# [ABOUT THIS TASK]
A word-for-word restatement of the full listing is required.

# [GIVEN DATA]

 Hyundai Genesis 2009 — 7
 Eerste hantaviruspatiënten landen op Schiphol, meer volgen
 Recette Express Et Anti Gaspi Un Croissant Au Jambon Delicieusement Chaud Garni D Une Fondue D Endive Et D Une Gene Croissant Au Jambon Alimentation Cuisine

# [OUTPUT OF THE TASK]
 Hyundai Genesis 2009 — 7
 Eerste hantaviruspatiënten landen op Schiphol, meer volgen
 Recette Express Et Anti Gaspi Un Croissant Au Jambon Delicieusement Chaud Garni D Une Fondue D Endive Et D Une Gene Croissant Au Jambon Alimentation Cuisine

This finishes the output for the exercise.